== Segment start ==

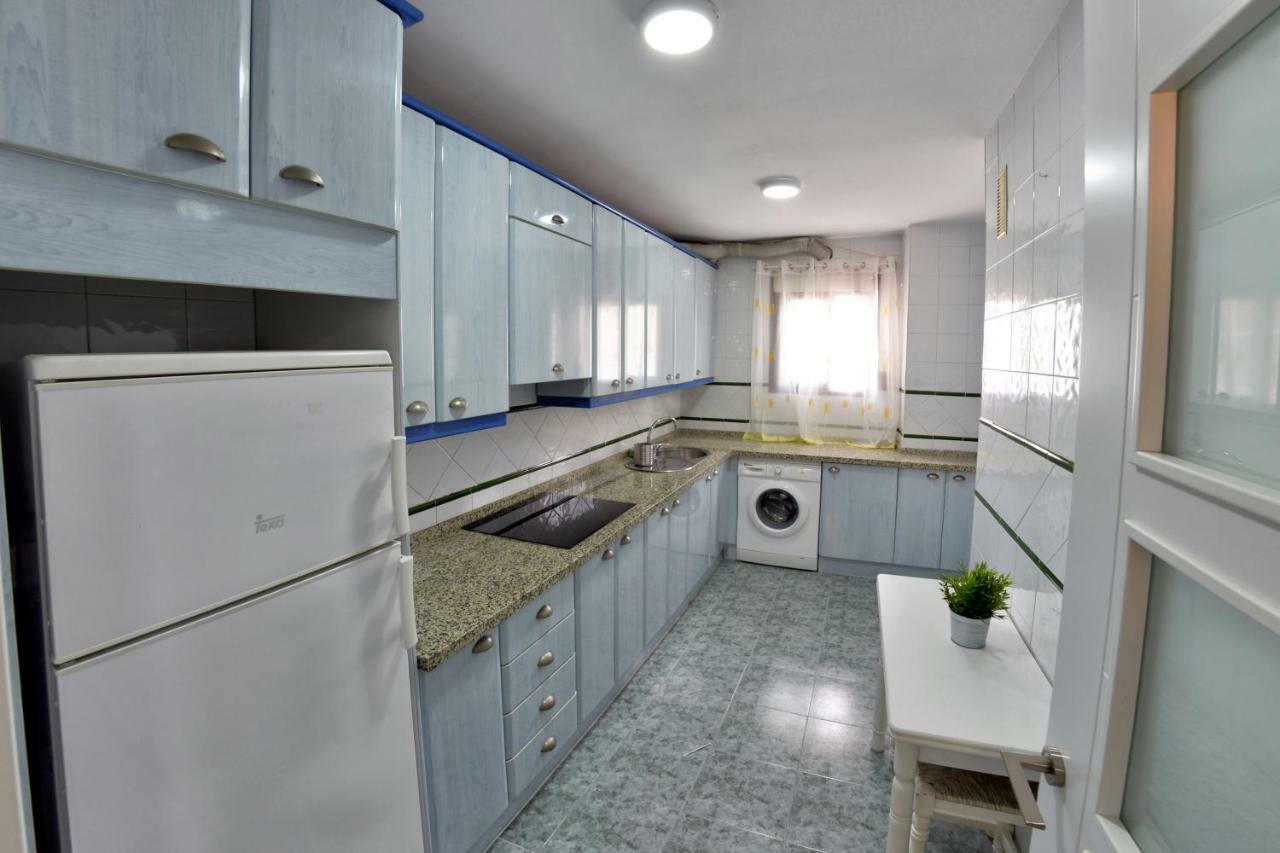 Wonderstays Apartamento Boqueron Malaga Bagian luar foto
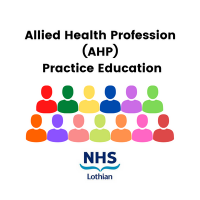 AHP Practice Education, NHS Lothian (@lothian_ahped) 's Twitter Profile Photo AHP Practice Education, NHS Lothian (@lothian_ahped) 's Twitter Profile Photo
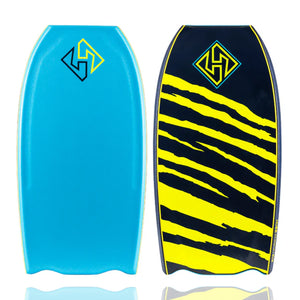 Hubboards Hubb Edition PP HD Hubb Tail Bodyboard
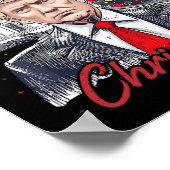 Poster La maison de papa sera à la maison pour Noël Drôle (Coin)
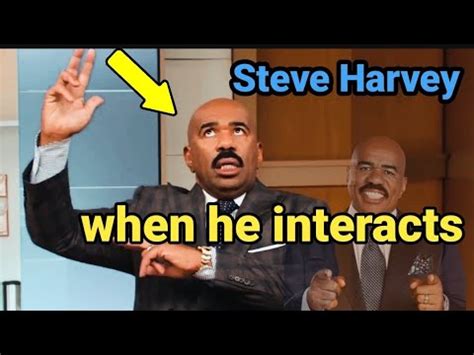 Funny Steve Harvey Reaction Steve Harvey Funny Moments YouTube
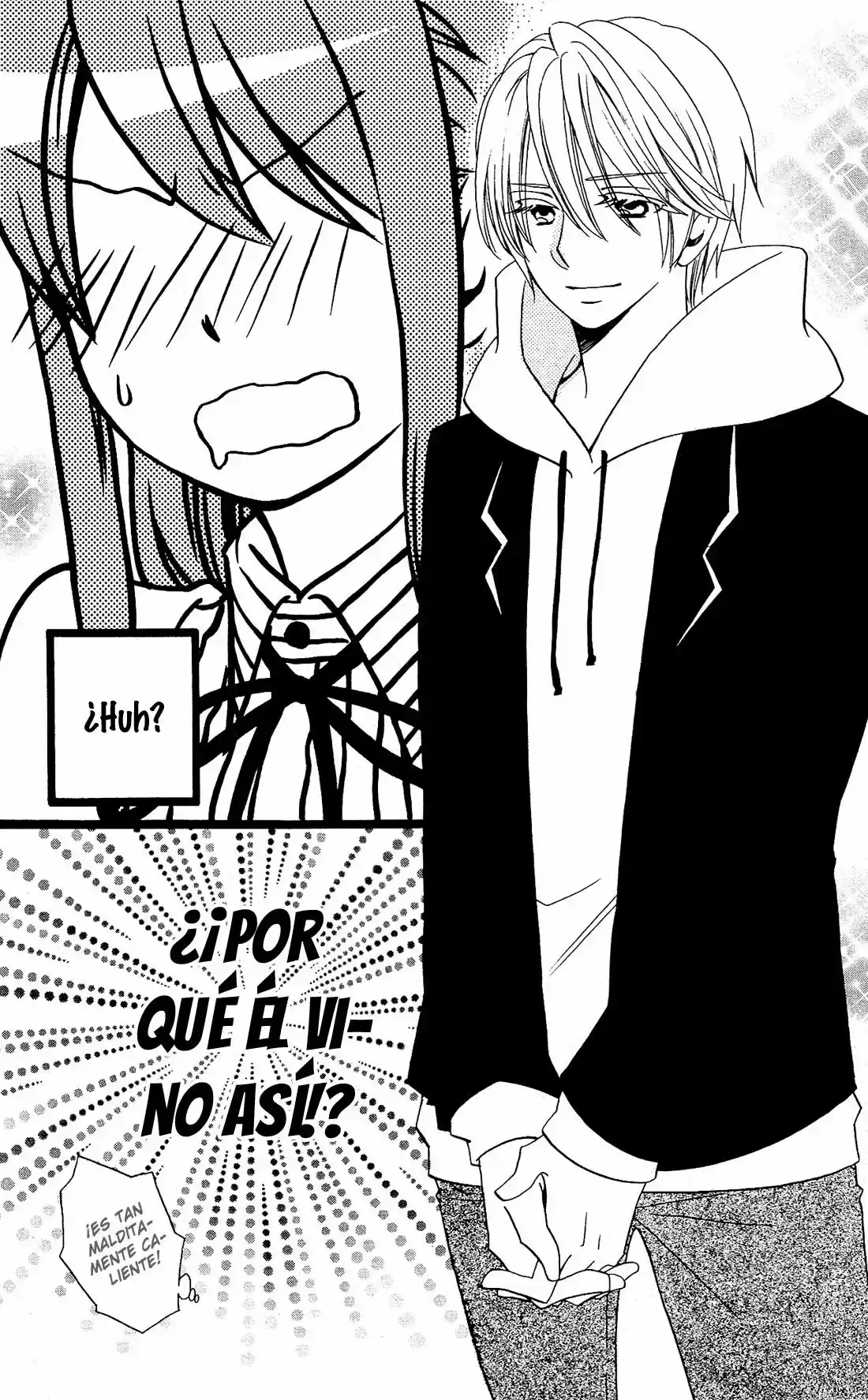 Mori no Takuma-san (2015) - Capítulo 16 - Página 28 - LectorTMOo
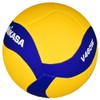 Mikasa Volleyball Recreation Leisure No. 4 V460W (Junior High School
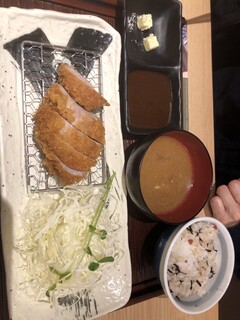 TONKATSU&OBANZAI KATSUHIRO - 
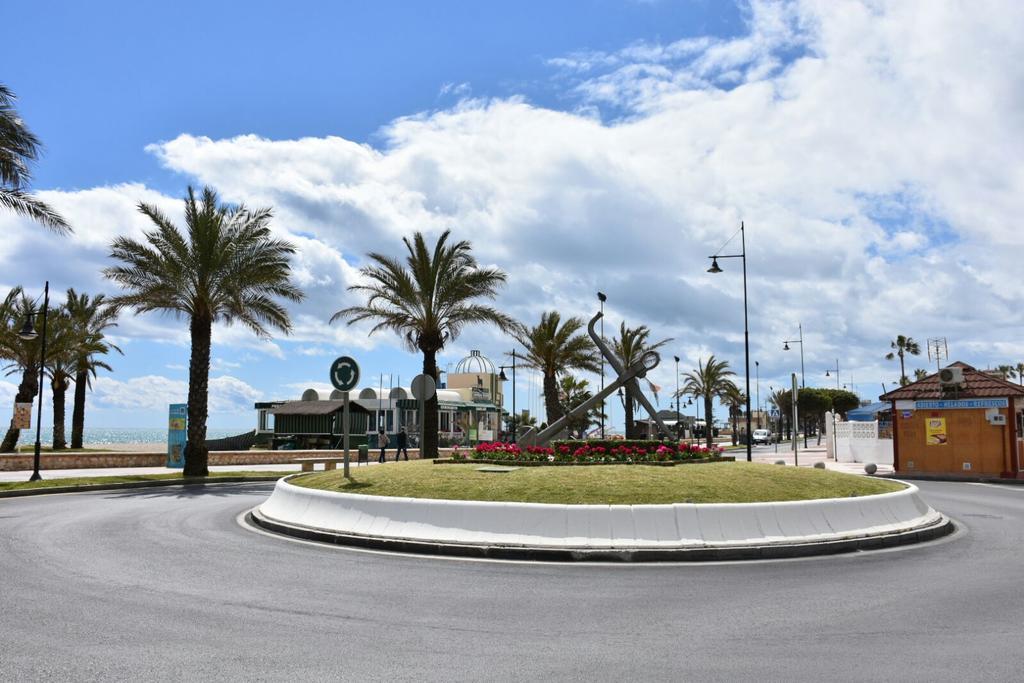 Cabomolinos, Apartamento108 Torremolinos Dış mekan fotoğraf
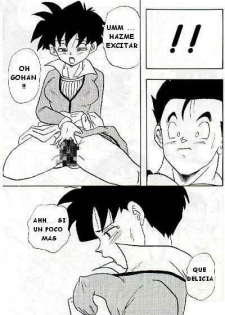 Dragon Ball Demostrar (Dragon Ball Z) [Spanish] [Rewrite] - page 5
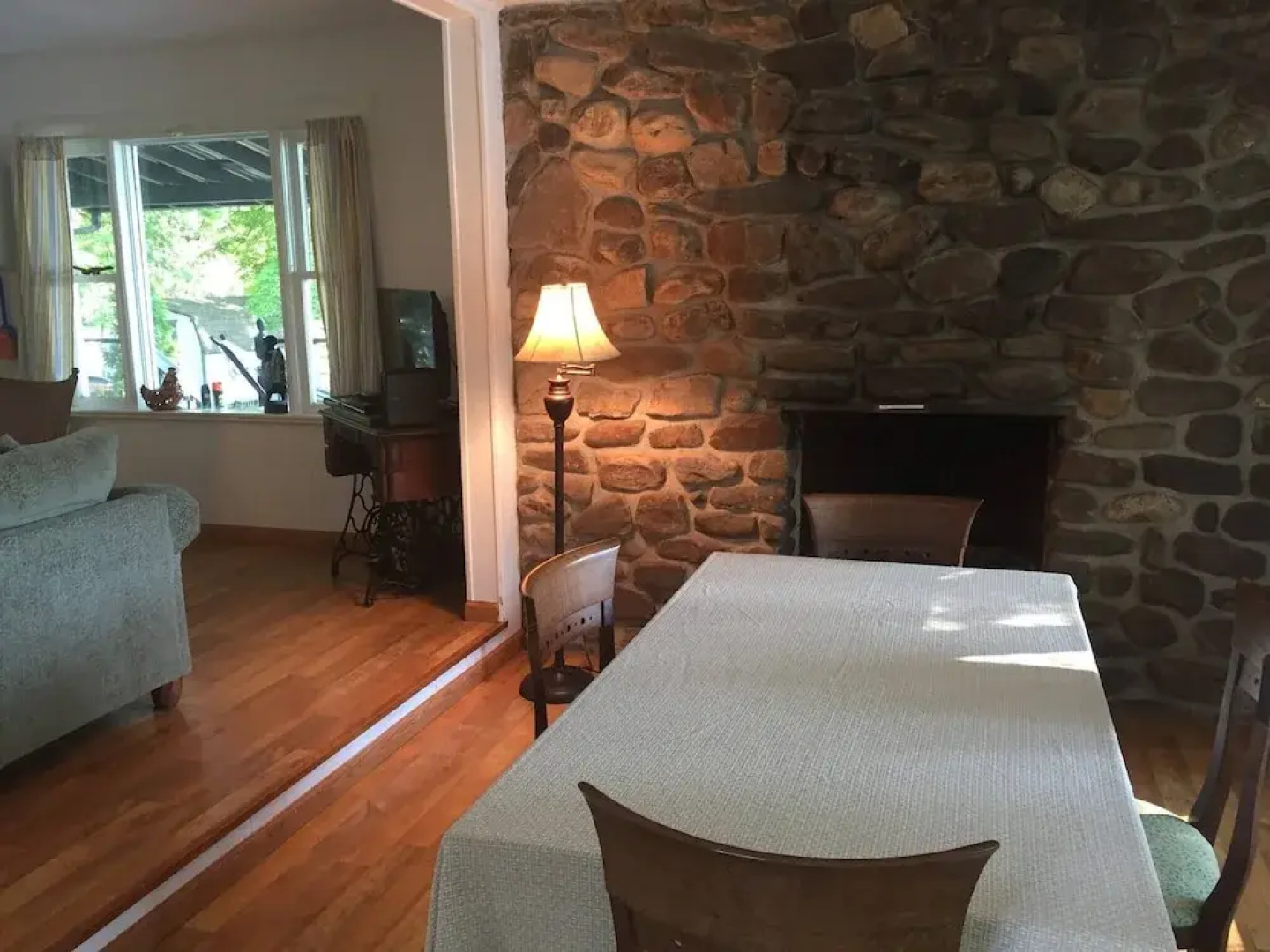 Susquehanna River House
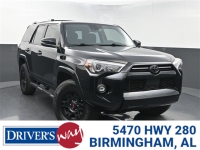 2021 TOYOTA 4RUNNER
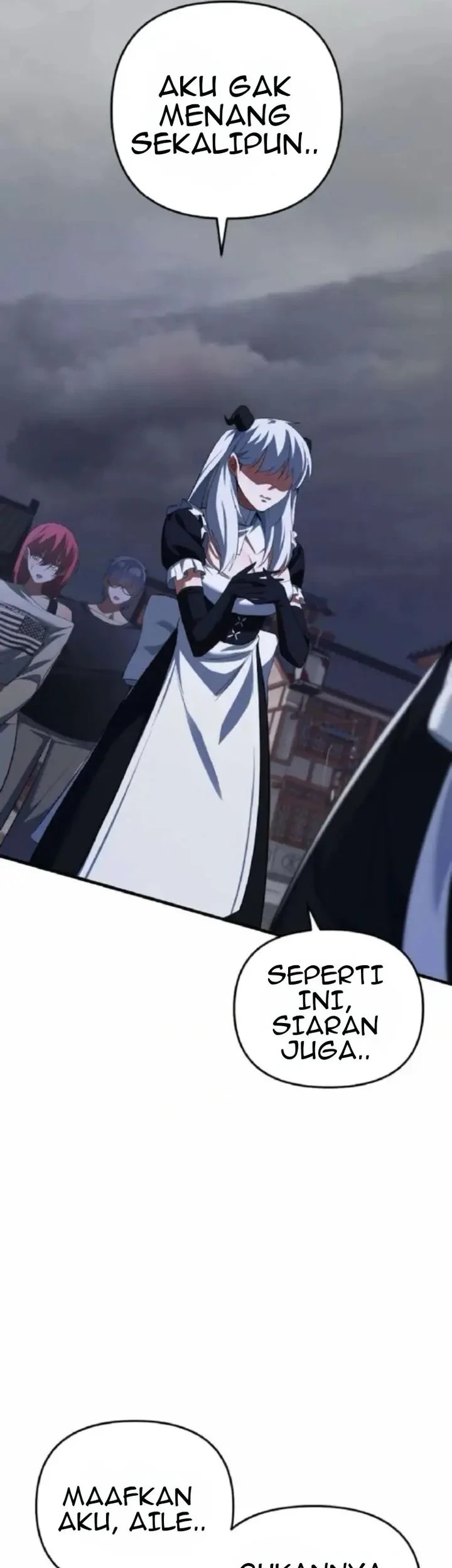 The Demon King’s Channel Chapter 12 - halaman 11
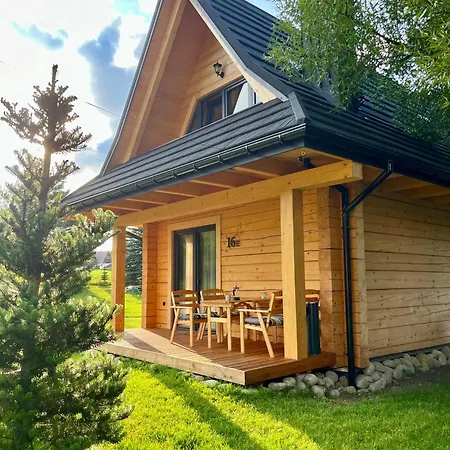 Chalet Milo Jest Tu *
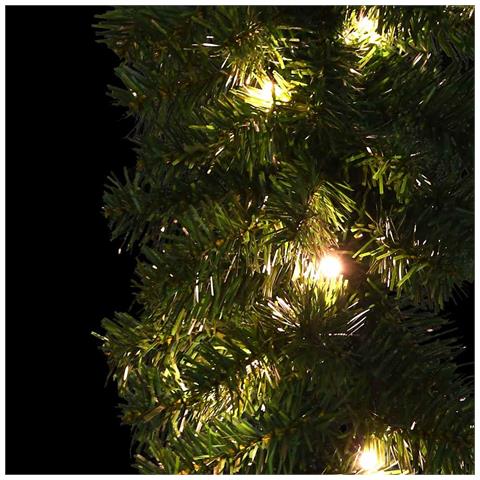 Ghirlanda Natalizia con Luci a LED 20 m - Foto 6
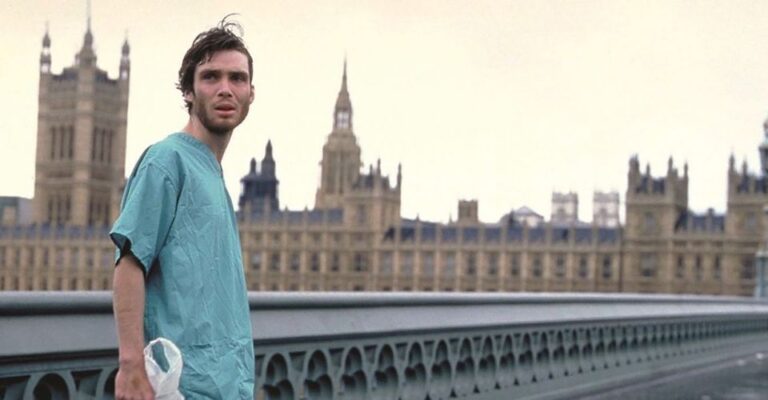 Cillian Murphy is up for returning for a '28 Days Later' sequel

== Segment end ==

→ Activity: In transcribing the records, omit the pictures and keep everything else exactly as it appears.

→ Output of the exercise:
 Wonderstays Apartamento Boqueron Malaga Bagian luar foto
 AHP Practice Education, NHS Lothian (@lothian_ahped) 's Twitter Profile Photo AHP Practice Education, NHS Lothian (@lothian_ahped) 's Twitter Profile Photo
 Hubboards Hubb Edition PP HD Hubb Tail Bodyboard
 Poster La maison de papa sera à la maison pour Noël Drôle (Coin)
 Funny Steve Harvey Reaction Steve Harvey Funny Moments YouTube
 Mori no Takuma-san (2015) - Capítulo 16 - Página 28 - LectorTMOo
 Mikasa Volleyball Recreation Leisure No. 4 V460W (Junior High School
 TONKATSU&OBANZAI KATSUHIRO - 
 Cabomolinos, Apartamento108 Torremolinos Dış mekan fotoğraf
 Dragon Ball Demostrar (Dragon Ball Z) [Spanish] [Rewrite] - page 5
 Susquehanna River House
 2021 TOYOTA 4RUNNER
 The Demon King’s Channel Chapter 12 - halaman 11
 Chalet Milo Jest Tu *
 Ghirlanda Natalizia con Luci a LED 20 m - Foto 6
 Cillian Murphy is up for returning for a '28 Days Later' sequel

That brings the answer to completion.